- **Dataset entries**
= = = =
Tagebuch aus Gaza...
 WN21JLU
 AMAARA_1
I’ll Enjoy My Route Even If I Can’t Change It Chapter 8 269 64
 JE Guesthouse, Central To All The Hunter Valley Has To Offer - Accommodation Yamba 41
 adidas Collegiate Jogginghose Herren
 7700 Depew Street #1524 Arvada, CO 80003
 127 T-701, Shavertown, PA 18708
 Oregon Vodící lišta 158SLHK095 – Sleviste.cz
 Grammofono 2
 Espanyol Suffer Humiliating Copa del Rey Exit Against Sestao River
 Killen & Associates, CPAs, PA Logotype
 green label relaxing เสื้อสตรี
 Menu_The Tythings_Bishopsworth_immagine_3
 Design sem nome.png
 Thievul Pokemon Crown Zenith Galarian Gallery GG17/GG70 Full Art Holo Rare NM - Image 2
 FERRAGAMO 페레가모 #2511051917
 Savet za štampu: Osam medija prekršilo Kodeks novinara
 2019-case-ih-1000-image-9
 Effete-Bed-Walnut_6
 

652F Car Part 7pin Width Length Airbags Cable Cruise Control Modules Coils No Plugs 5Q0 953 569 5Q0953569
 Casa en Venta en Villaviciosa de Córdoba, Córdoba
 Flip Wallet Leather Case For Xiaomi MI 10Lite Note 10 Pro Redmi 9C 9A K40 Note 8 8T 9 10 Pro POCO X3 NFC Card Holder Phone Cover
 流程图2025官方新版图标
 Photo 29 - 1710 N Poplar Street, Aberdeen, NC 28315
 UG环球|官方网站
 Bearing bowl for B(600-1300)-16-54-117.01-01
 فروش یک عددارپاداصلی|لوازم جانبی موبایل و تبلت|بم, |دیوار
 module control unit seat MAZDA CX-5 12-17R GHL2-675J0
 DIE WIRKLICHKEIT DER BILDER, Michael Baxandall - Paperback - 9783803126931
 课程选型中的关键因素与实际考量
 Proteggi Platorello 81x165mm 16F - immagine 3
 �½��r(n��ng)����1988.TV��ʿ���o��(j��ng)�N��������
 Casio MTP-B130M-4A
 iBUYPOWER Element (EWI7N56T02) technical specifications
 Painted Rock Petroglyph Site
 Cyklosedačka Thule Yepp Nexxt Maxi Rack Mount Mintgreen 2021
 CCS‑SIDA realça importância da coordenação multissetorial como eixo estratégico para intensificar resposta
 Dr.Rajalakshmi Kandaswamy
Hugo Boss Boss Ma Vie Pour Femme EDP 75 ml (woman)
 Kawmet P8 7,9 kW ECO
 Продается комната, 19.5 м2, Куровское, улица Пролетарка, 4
= = = =
- **Your task**
Everything from the first line of the records above through the line containing "Bearing bowl for B(600-1300)-16-54-117.01-01" should be restated word for word; leave out all other lines.

- **Exercise answer**
Tagebuch aus Gaza...
 WN21JLU
 AMAARA_1
I’ll Enjoy My Route Even If I Can’t Change It Chapter 8 269 64
 JE Guesthouse, Central To All The Hunter Valley Has To Offer - Accommodation Yamba 41
 adidas Collegiate Jogginghose Herren
 7700 Depew Street #1524 Arvada, CO 80003
 127 T-701, Shavertown, PA 18708
 Oregon Vodící lišta 158SLHK095 – Sleviste.cz
 Grammofono 2
 Espanyol Suffer Humiliating Copa del Rey Exit Against Sestao River
 Killen & Associates, CPAs, PA Logotype
 green label relaxing เสื้อสตรี
 Menu_The Tythings_Bishopsworth_immagine_3
 Design sem nome.png
 Thievul Pokemon Crown Zenith Galarian Gallery GG17/GG70 Full Art Holo Rare NM - Image 2
 FERRAGAMO 페레가모 #2511051917
 Savet za štampu: Osam medija prekršilo Kodeks novinara
 2019-case-ih-1000-image-9
 Effete-Bed-Walnut_6
 

652F Car Part 7pin Width Length Airbags Cable Cruise Control Modules Coils No Plugs 5Q0 953 569 5Q0953569
 Casa en Venta en Villaviciosa de Córdoba, Córdoba
 Flip Wallet Leather Case For Xiaomi MI 10Lite Note 10 Pro Redmi 9C 9A K40 Note 8 8T 9 10 Pro POCO X3 NFC Card Holder Phone Cover
 流程图2025官方新版图标
 Photo 29 - 1710 N Poplar Street, Aberdeen, NC 28315
 UG环球|官方网站
 Bearing bowl for B(600-1300)-16-54-117.01-01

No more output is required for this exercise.